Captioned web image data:
* * *

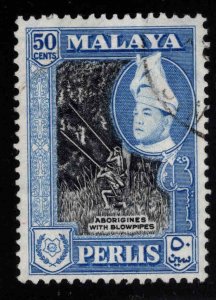 MALAYA  Perlis  Scott 36a Used Aborigines with Blowpipe stamp perf 12.5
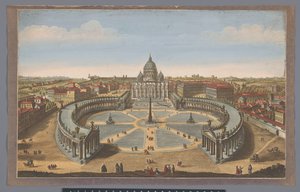 Udsigt over Peterspladsen og Peterskirken i Vatikanstaten Peterskirken i Rom (titel på objektet)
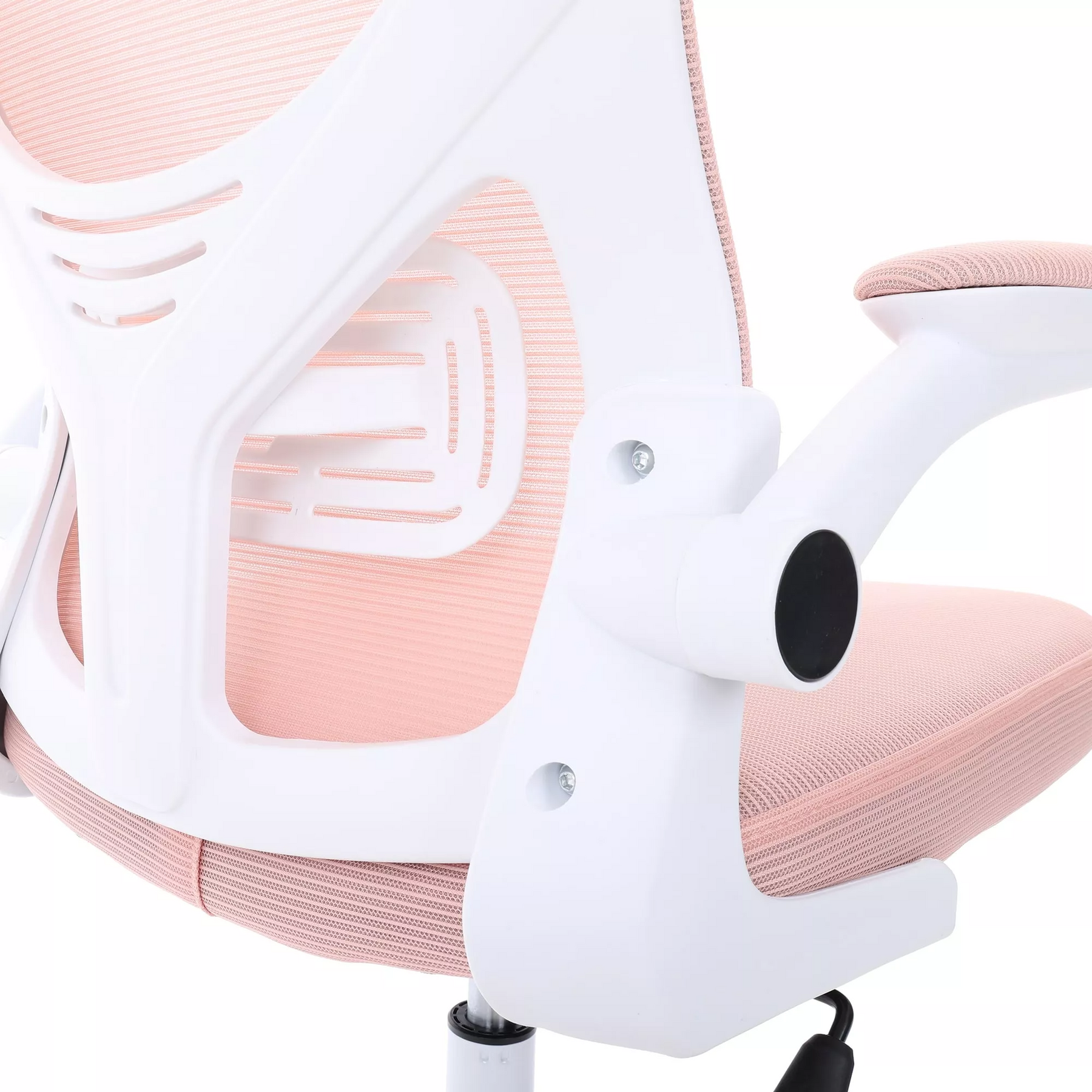 Cadeira de Escritório Flexy Way Branca Tela Mesh Rosa, Base Giratória e Sistema Relax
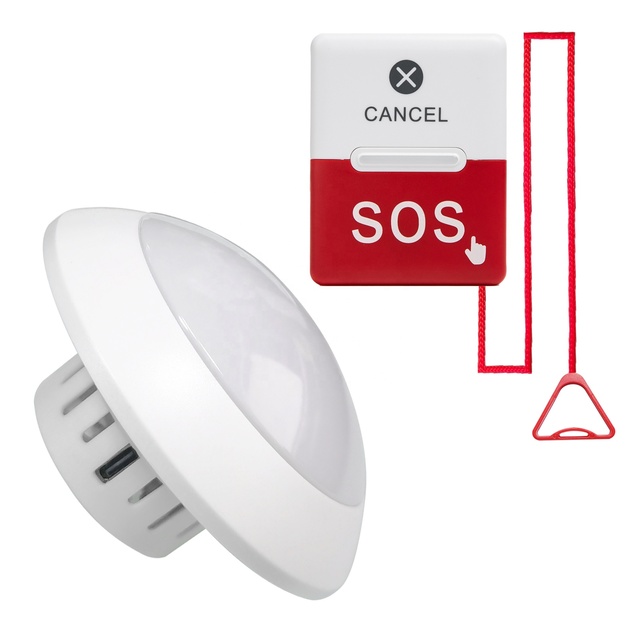 Portable Wireless Caregiver Pager Nurse Caregiver Calling SOS Panic Button for Elderly Emergency Alarm System 1 Light 1 Buzzer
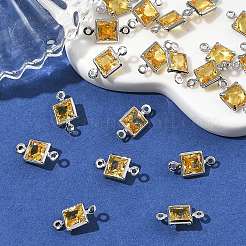 Quadratische Verbindungsanhänger aus Messing mit Zirkonia-Pavé&nbsp;XGRQ2O014-440D-P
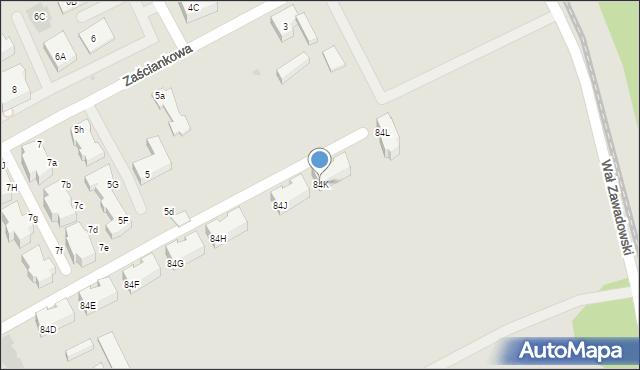 Warszawa, Bruzdowa, 84K, mapa Warszawy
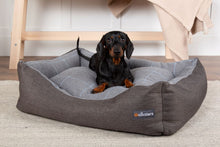 Load image into Gallery viewer, Buckingham Luxury Fabric Dog Bed in Dark Grey
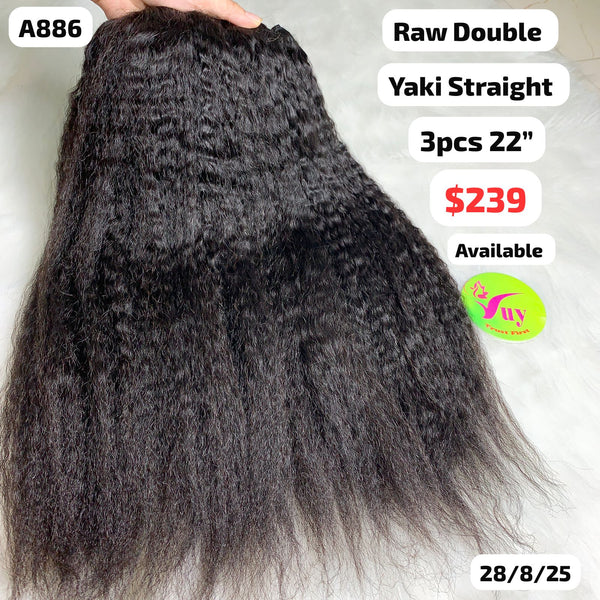 3pcs 22" Yaki straight double drawn raw hair (A886)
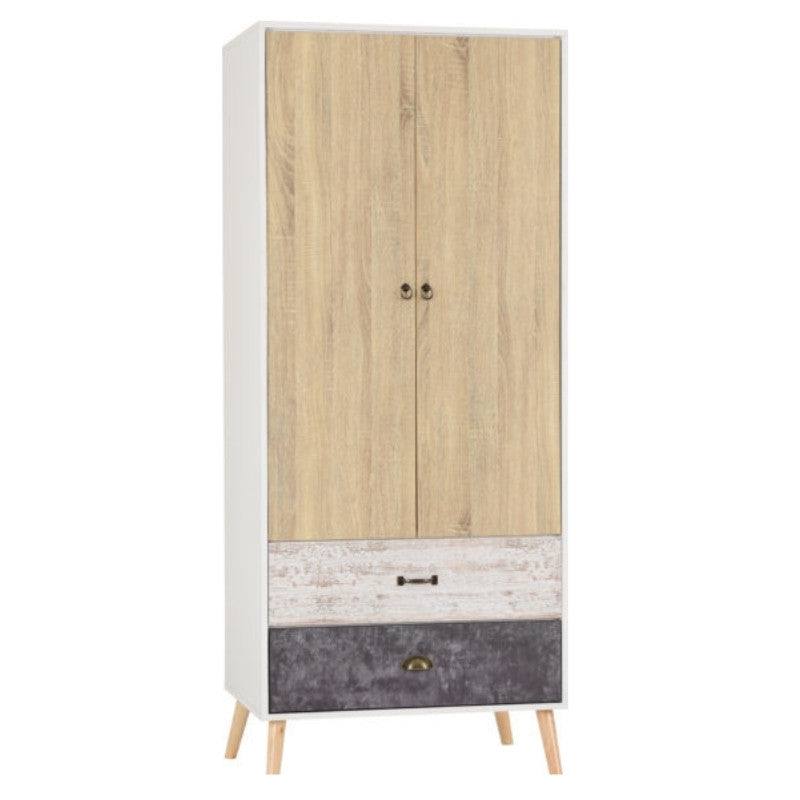 Nordic 2 Door 2 Drawer Wardrobe in Beige - UK Online Furniture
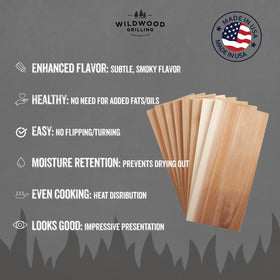 Wildwood Grilling packaging image emphasizing USA-sourced cedar and authenticity.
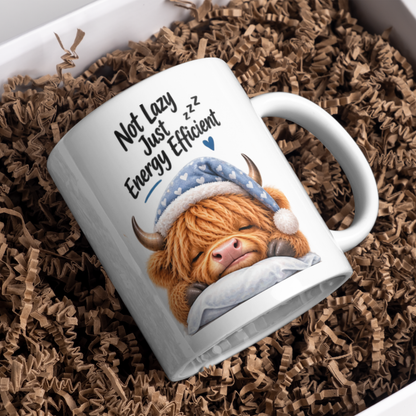 Funny Mug Sleeping Highland Cow "Not Lazy Just Energy Efficient" Ceramic Coffee Mug - Relatable Sarcastic Farm Animal Nightcap Tea Cup Gift | Available in Multicolours | Fast Dispatch by UK Seller (M1223)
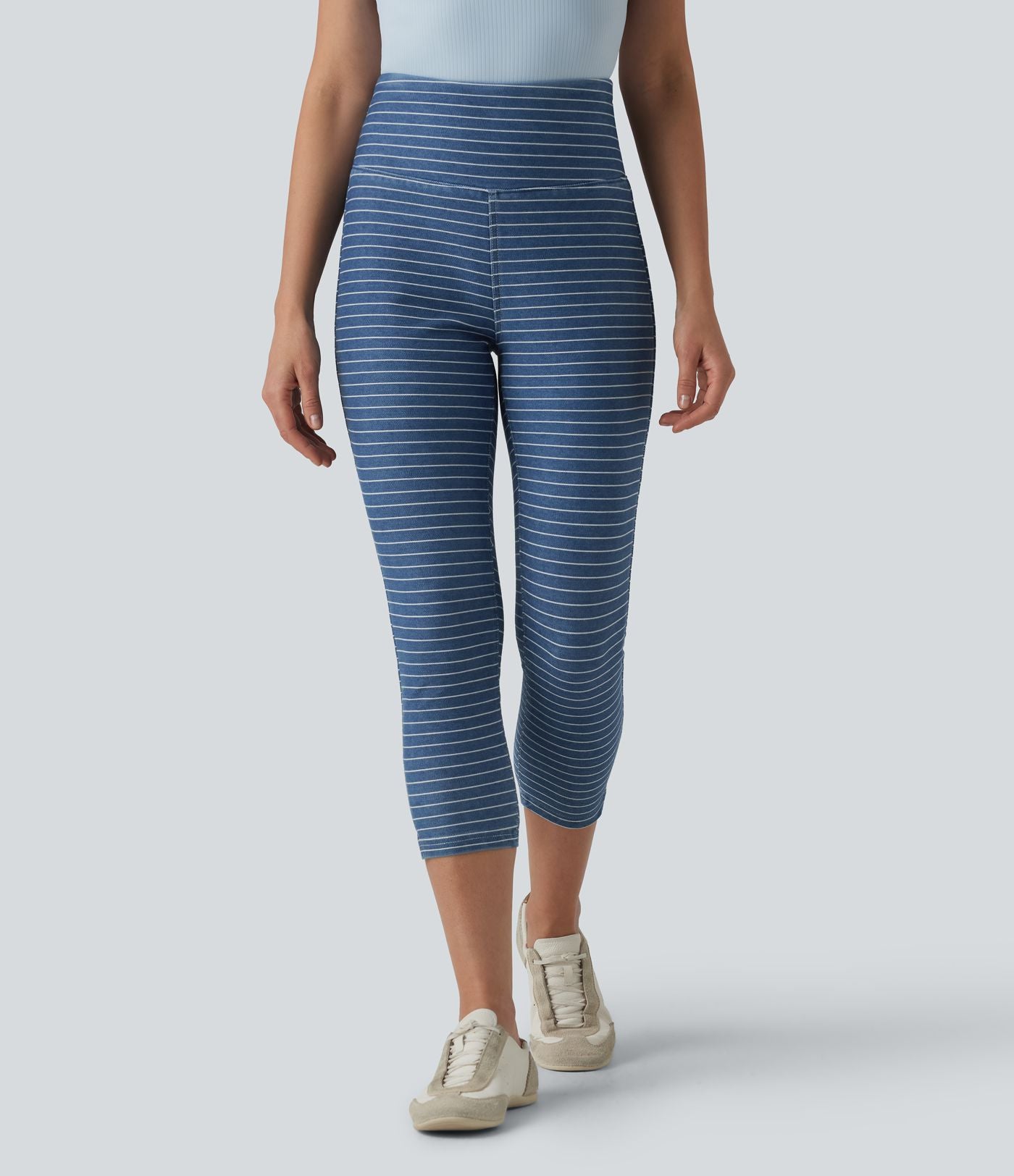 Halara Flex™ Jeggings capri décontracté à rayures fendues taille haute ventre plat avec poches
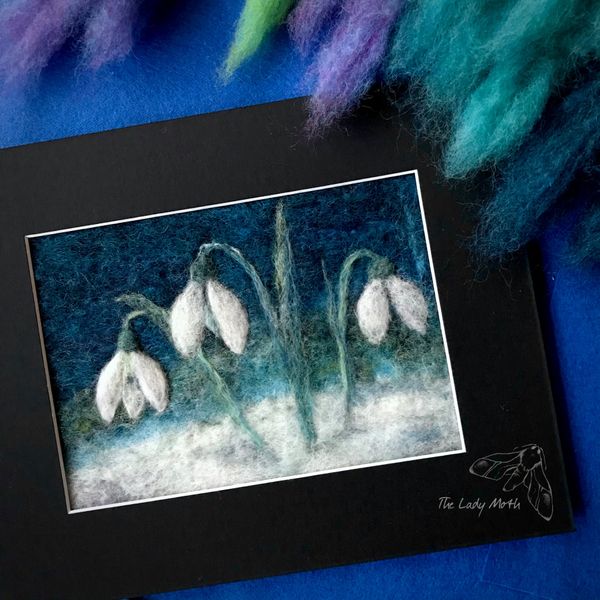 Snowdrops wool painting
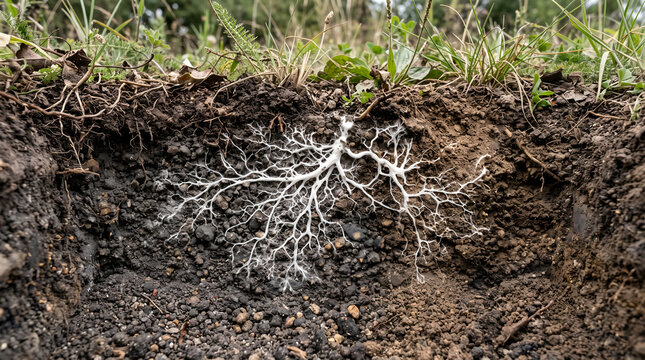 Mycoremediation using fungal mycelium illustrates sustainable soil remediation, biodegradation, and environmental restoration for scientific and corporate sustainability communication.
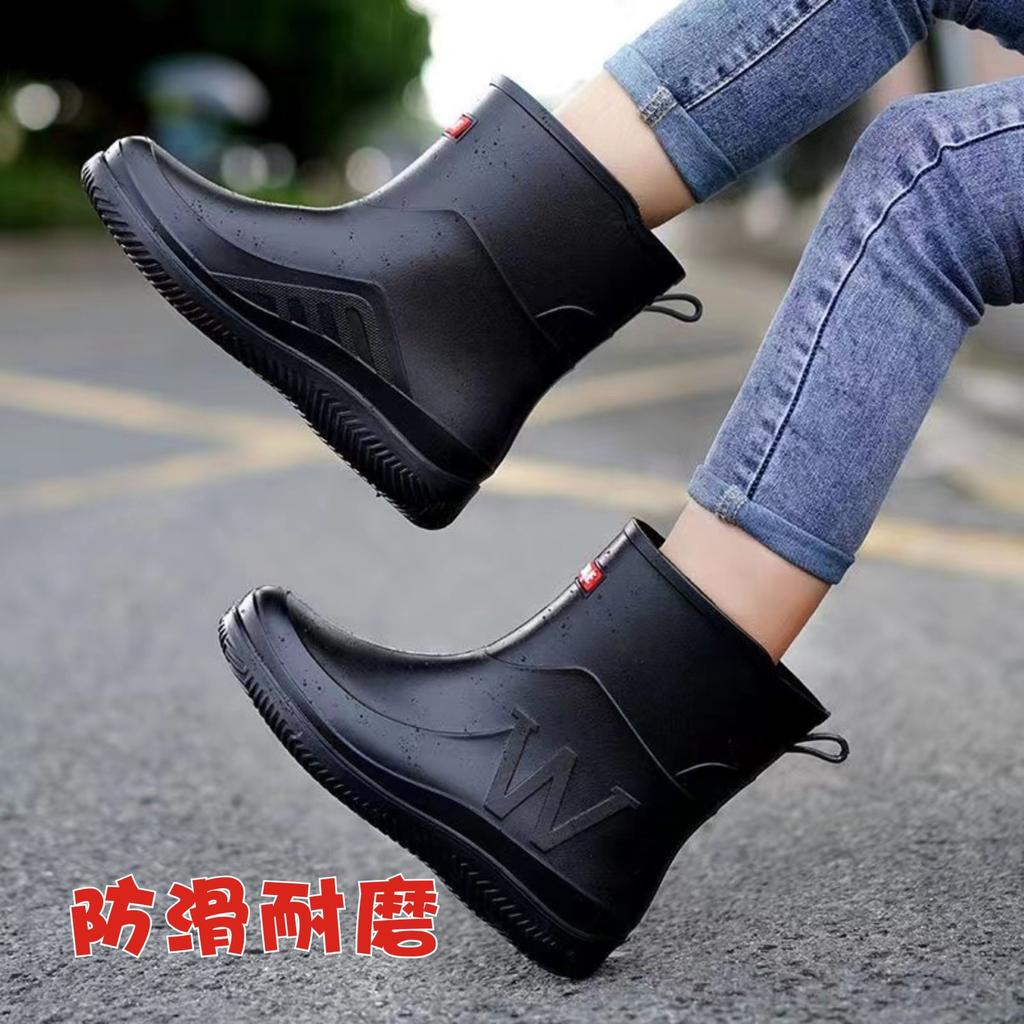 Men Waterproof Mid-Calf Work Rain Boots Non-Slip Rubber Shoes for Construction, Kitchen, and Fishing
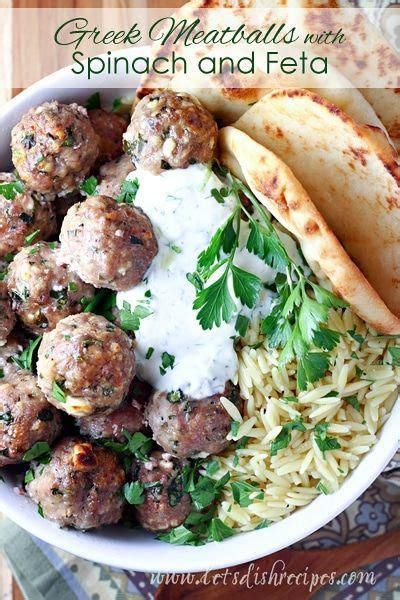 Arrange spinach, sun dried tomatoes and feta on top of the . Greek Turkey Meatballs with Spinach and Feta | Recipe ...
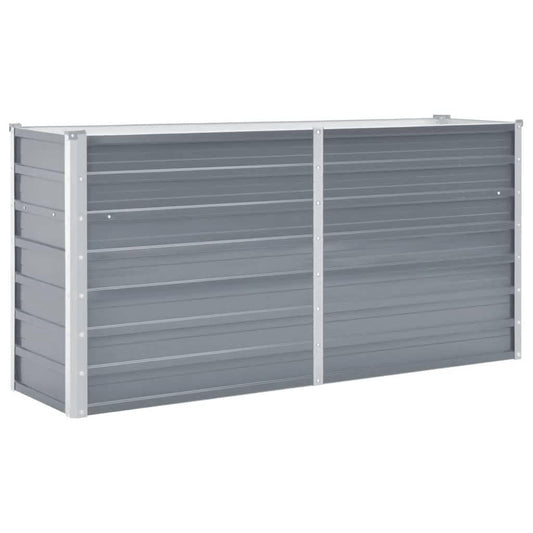Arriate Elevado De Jardín Acero Galvanizado Gris 160x40x77 Cm_0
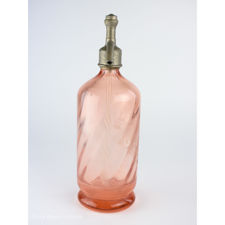 Front view of a G Gaulin à Auxon pink glass siphon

* * *

> Assigned task: All lines above starting at the one with "Quadratische Verbindungsanhänger aus" and ending at the one with "Wildwood Grilling packaging", inclusive, are to be printed again exactly, with the pictures left out.

> Answer section:
 Quadratische Verbindungsanhänger aus Messing mit Zirkonia-Pavé&nbsp;XGRQ2O014-440D-P
 Warszawa, Bruzdowa, 84K, mapa Warszawy
 Load image into Gallery viewer, Buckingham Luxury Fabric Dog Bed in Dark Grey
 3pcs 22" Yaki straight double drawn raw hair (A886)
 Nordic 2 Door 2 Drawer Wardrobe in Beige - UK Online Furniture
 Wildwood Grilling packaging image emphasizing USA-sourced cedar and authenticity.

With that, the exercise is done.